• [WHAT YOU WILL DO]: Leave out every picture, and output exactly the lines from the line containing "Großes, Zweistöckiges Mediterranes" through the last line of the data.

• [AVAILABLE DATA]:
————————
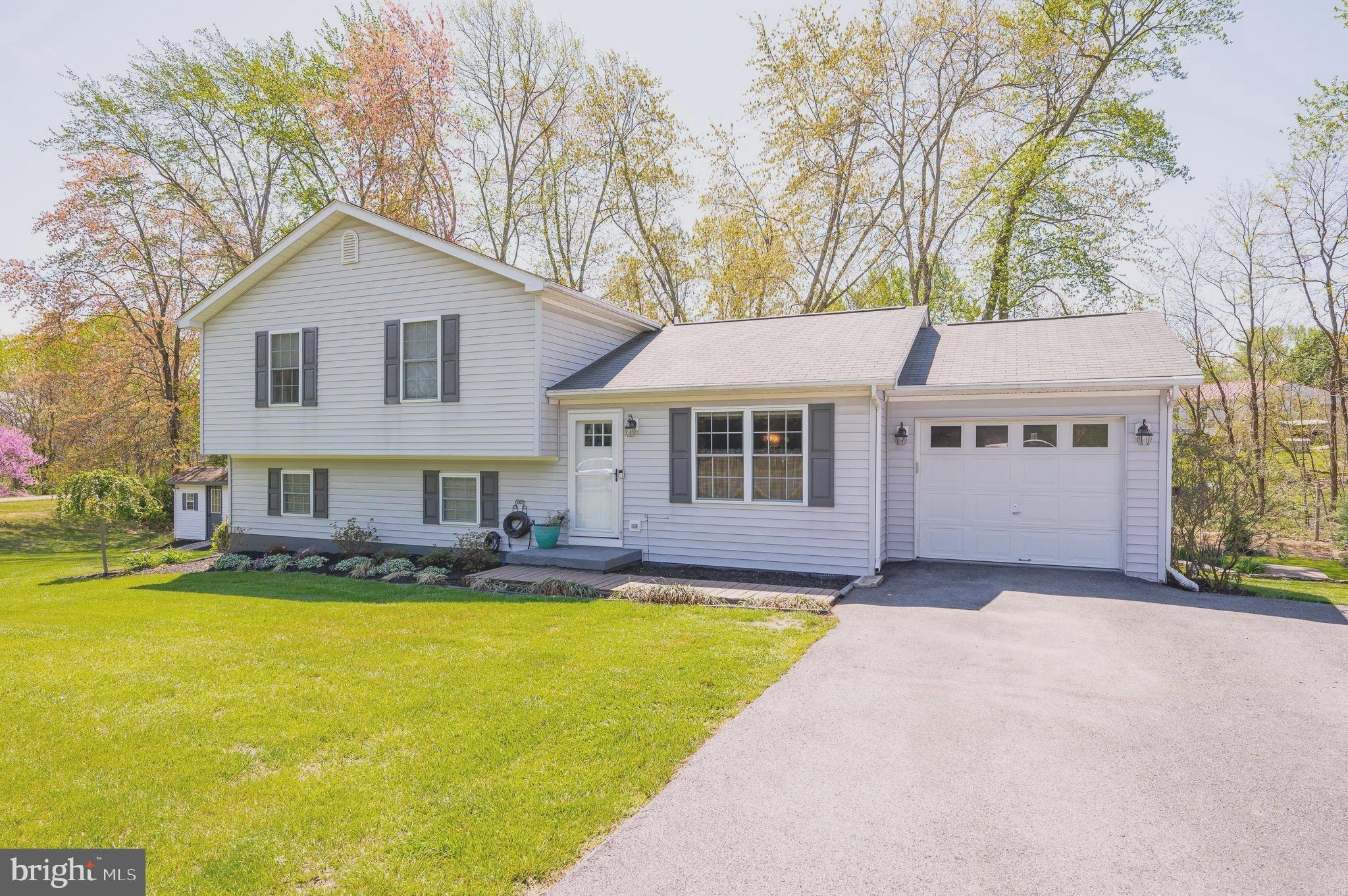 FOREST HEIGHTS - Residential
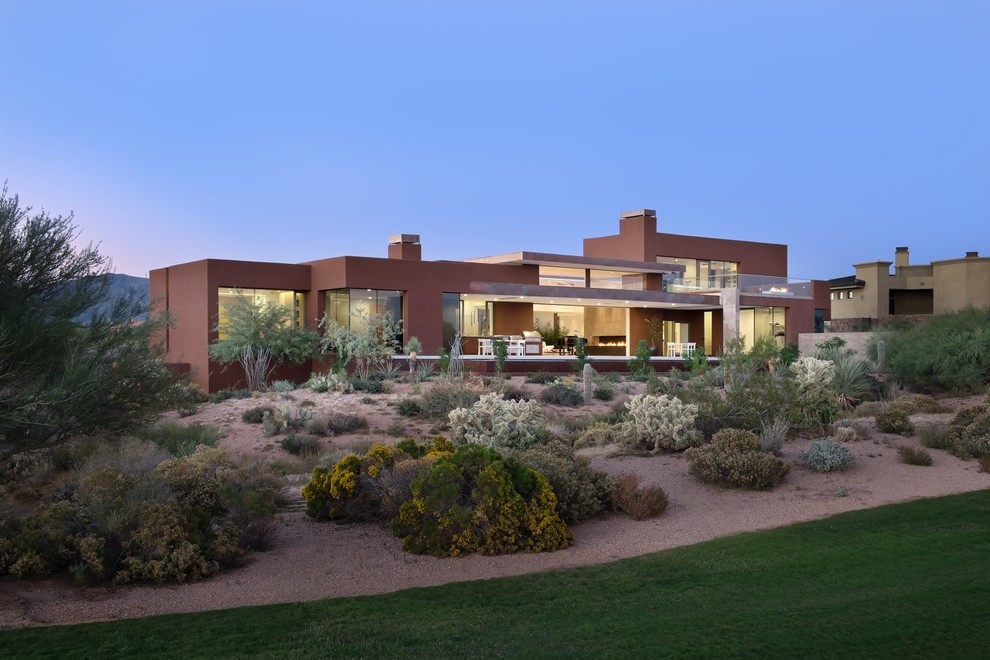 Großes, Zweistöckiges Mediterranes Haus mit Putzfassade, pinker Fassadenfarbe und Flachdach in Phoenix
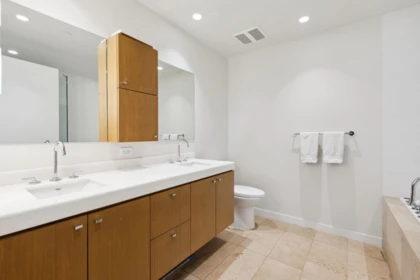 Primary Bathroom Photo of 204 788 Arthur Erickson Place, West Vancouver, BC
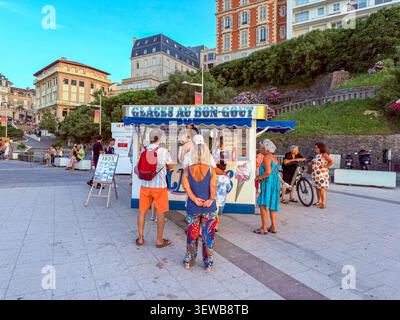 Biarritz, Francia, vista sui camioncini alimentari francesi, gelati, gruppi di persone in attesa on line, Street Outside, "la grande Plage" Foto Stock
————————
• [EXERCISE RESULT]:
 Großes, Zweistöckiges Mediterranes Haus mit Putzfassade, pinker Fassadenfarbe und Flachdach in Phoenix
 Primary Bathroom Photo of 204 788 Arthur Erickson Place, West Vancouver, BC
 Biarritz, Francia, vista sui camioncini alimentari francesi, gelati, gruppi di persone in attesa on line, Street Outside, "la grande Plage" Foto Stock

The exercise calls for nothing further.